It’s no secret to you all how much I love photography and practicing my skills in that field. When I first started to get into blogging, I began to observe the many creative, beautiful outfit shoots that the most unique and successful fashion bloggers posted. I knew that if our blog was to get anywhere, we needed to excel in the imagery category. Over the past 2 years, my sisters and I have learned so much about what it means to take great photos for our blog, but by far the most challenging type of shoot to do is an outfit shoot. From getting the images perfectly focused, to making sure that the outfit & subject wearing it is framed just right in the camera, it’s an art in and of itself, but one where there is such freedom for creativity and unique expression. Today I’ve gathered up some of my top tips for taking great outfit photos that I hope will help some of you fashion bloggers out there to excel in the wonderful world of fashion photography. I am by no means an expert, but I’ve learned a few things in the past years that I think might be helpful to share 🙂
Practice in the Mirror
It’s may sound like vanity practice, but honestly: look at yourself in the mirror. Observe which side of you is your best side, practice facial expressions, poses, etc. It will help you familiarize yourself with how you will look in the camera, so that when you head out to take outfit photos, you are not left completely in the dark in regards to how to pose. It’s hard to get a great photographer to take your photos all the time (unless you have an “in house” duo like we do 😉 ), so when your photographer may not be the best communicator, it is helpful to be familiar with yourself and how you look at what angles, etc. Mirror practice may be limited, but it certainly is helpful in developing a photogenic look.
Find your Posing Style
Not everyone was cut out for the “model face” look that you see in catalogs and fashion editorials everywhere. In fact, some of us look really stupid trying to be über pose-y and serious. Develop your posing style. Do you look best candid and laughing, smiling for the camera, or striking a dramatic, contemplative pose? Each of us girls has a certain feel we want to communicate through our photos, a certain aspect of ourselves that we want to share, or will better help get across the aesthetic of our outfits: Jessica and I tend to look best candid, laughing, and having a good time. Brigid really shines when she looks more thoughtful and wistful. All of us can nail just about any style of pose, but each of us has a certain one that really lets our personality shine. Through practice and time, you can develop your own that will help you look your very best when getting your outfit photos taken.
Tell a Story
The most powerful outfit photos I have seen and taken are the ones that communicate a story. It’s one thing to just pose in front of your garage door or a blank backdrop, but when there is a story involved, it takes the shoot to a whole new level. Do you have a special tale to tell behind the outfit you are wearing? Is there a certain aesthetic/personality that you want to communicate? Perhaps an adventurer, or a city tourist? Play around with themes and figure out the best way to communicate your outfit’s story through your photos.
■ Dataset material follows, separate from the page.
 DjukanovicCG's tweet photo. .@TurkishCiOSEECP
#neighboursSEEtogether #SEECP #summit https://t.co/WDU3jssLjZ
This is a technique that we girls are still developing and getting to understand, and we certainly don’t employ it in all our outfit shoots. But, when we do, it definitely takes that shoot to a whole new level, and the photos tend to be much more engaging and visually captivating.
Choose a Great Backdrop
I guess this is a “no duh” tip, but it still needs to be said. If you are posing in front of a garage door or messy backyard, your photos will most certainly suffer, and your outfit won’t look much better. We girls have been blessed to live in an area where rural, picturesque backdrops are right in our backyard. If this is not the case for you, then hunt around! I have seen beautiful outfit photos that were taken in front of everything from unique dumpsters, so the back part of a Rite Aid store. Great backdrops are just a creative glance away.
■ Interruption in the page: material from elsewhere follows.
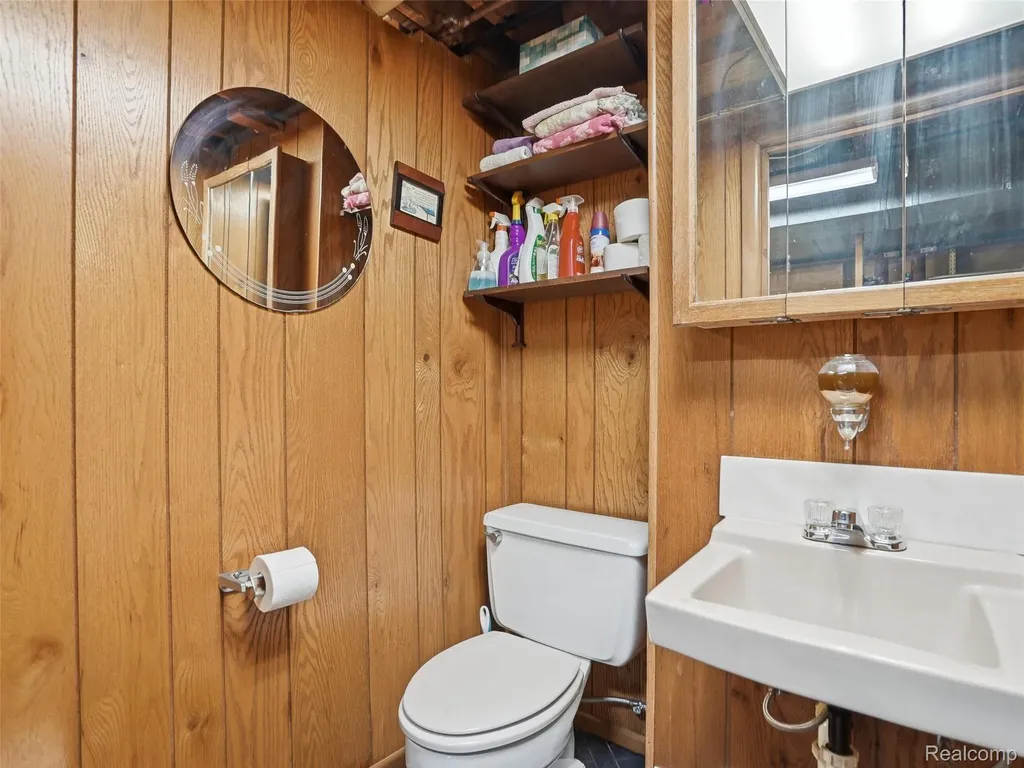 5059 Kidder Road Almont Village MI 48003
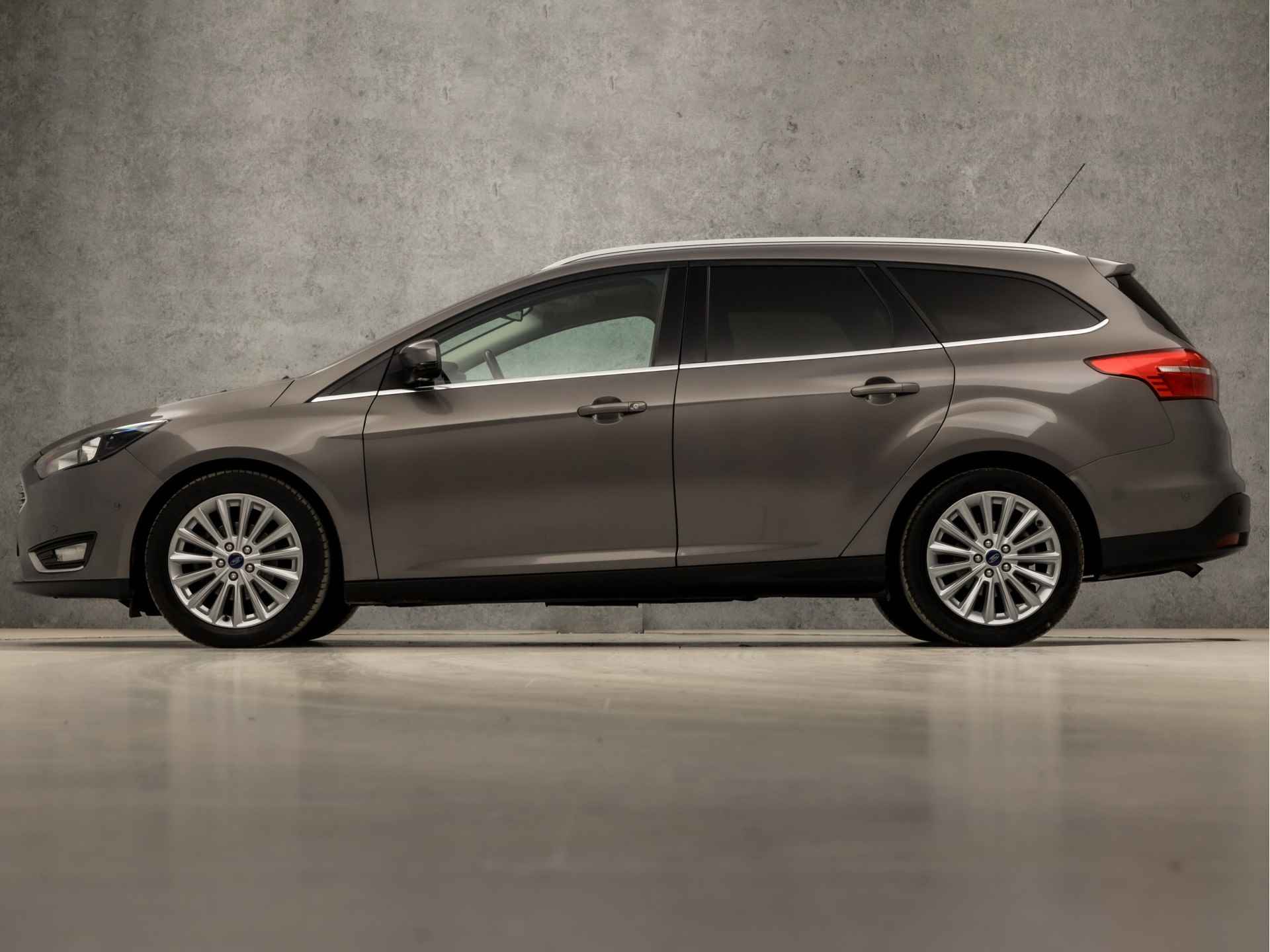 Ford FOCUS Wagon 1.0 Sport (GROOT NAVI, CLIMATE, STOELVERWARMING, GETINT GLAS, SPORTSTOELEN, CRUISE, PARKEERSENSOREN, NIEUWE APK, NIEUWSTAAT) - 2/34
Communicate with your Photographer
This is one that I had to learn the hard way. Being the main photographer of the blog, it was challenging getting Brigid to take photos of me that were up to my expectations. Now, this wasn’t exactly Brigid’s fault: it was more my fault in not communicating. If you don’t have a photographer who is experienced in fashion shoots or how to pose people, then you could try having a discussion right before/during the shoot describing how you were wanting a certain shot to look. Looking at images online to get your photographer to understand the aesthetic and framing that you want will definitely be helpful as well.
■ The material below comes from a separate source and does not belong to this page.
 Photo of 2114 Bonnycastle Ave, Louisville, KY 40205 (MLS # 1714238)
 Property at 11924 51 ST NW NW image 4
Observe other people’s work
This is a big one. We girls wouldn’t be where we are at with our visuals if it wasn’t for fellow bloggers who have come before us, inspiring us to up our photography game. Following blogs with great visuals will definitely help you understand the possibilities for outfit shoots, and inspire you to play around more and not just settle for blah backdrops and cliché poses. Here are a few of my favorite blogs that nail it in the outfit shoot category:
**Note: most of these are not “modest fashion blogs”. They simply take great images, and are visually inspirational. Please use your own discretion when looking at these blogs. We all don’t have the same standards 🙂
I hope that these tips were helpful! Like I said before, outfit shoots can be some of the most challenging out there, but with work and diligence, you can definitely master this category and take excellent outfit photos. Now, I know some of you may be thinking “But what about the equipment?”. Photography gear and post-processing can have a huge impact on the photos that you take, and I talked about the gear I use here. Not much has changed since that post, so if you want my thoughts on the gear I use, I would highly recommend you check it out.
What are your tips for taking great outfit photos?